Description
These fluffy buckwheat pancakes are light, tender, and naturally wholesome. With a nutty flavor and subtle sweetness, they’re perfect for slow mornings.
Ingredients
1 cup (120g) buckwheat flour
1/2 cup (65g) all-purpose or GF flour
1 1/4 cups (295ml) milk (dairy or non-dairy)
2 tbsp lemon juice or white vinegar
4 tbsp (56g) unsalted butter, melted (plus more for skillet)
1 tbsp sugar
3/4 tsp baking soda
1/2 tsp sea salt
1 large egg
1 tsp vanilla extract
Instructions
1. Combine milk and lemon juice in a bowl. Let sit 5 minutes.
2. Whisk flours, sugar, baking soda, and salt in a large bowl.
3. Whisk egg and vanilla into the milk mixture.

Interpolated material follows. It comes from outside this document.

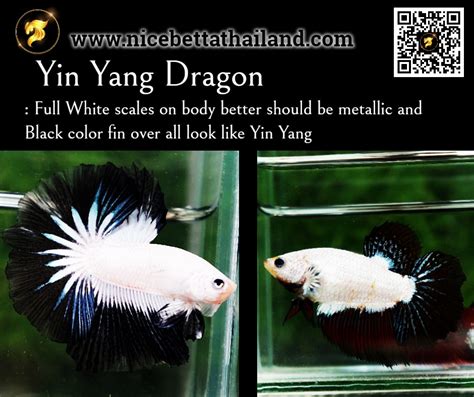 Koi Ikan Laga Samurai Bettas Plakat Ideas In Betta Betta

4. Pour milk mixture and melted butter into the dry ingredients.
5. Stir until just combined; some lumps are okay.
6. Heat skillet over medium and brush with butter.
7. Spoon 1/4 cup batter per pancake into skillet.

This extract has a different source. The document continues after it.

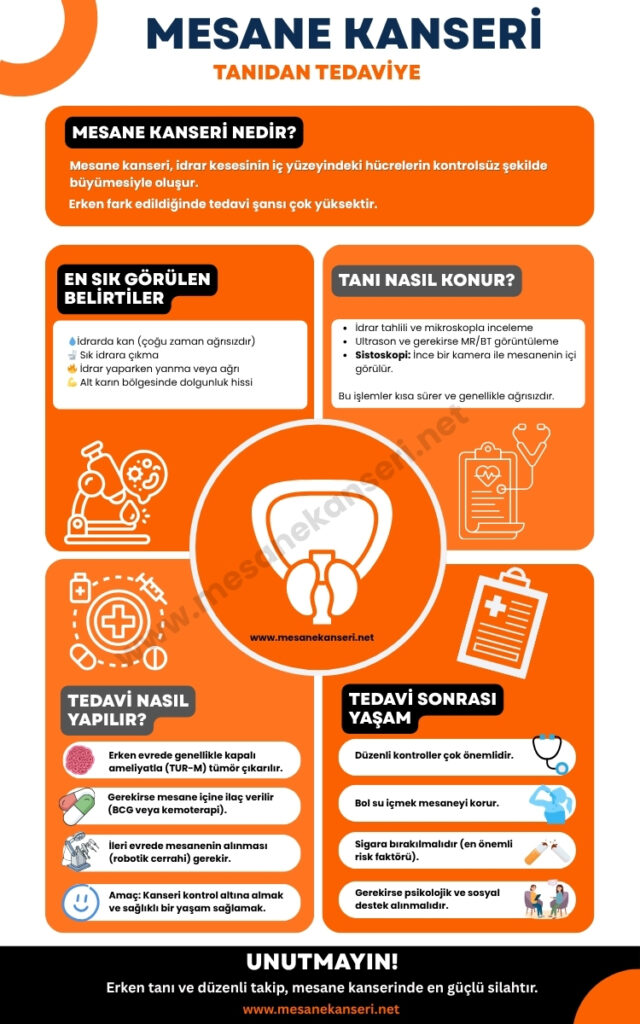 Mesane kanseri tedavi yöntemleri, TUR-M, BCG, radikal sistektomi, yapay mesane, kemoterapi, immünoterapi, radyoterapi ve ameliyat sonrası takip infografiği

8. Cook until bubbles form and edges dry (about 2 minutes).
9. Flip and cook 1–2 more minutes until golden.
10. Serve hot with butter and maple syrup.
Notes
Batter thickens as it sits. Add a splash of milk to thin if needed.
Freeze pancakes in layers with parchment paper between each.
Use a flax egg for a vegan version and plant-based milk/butter.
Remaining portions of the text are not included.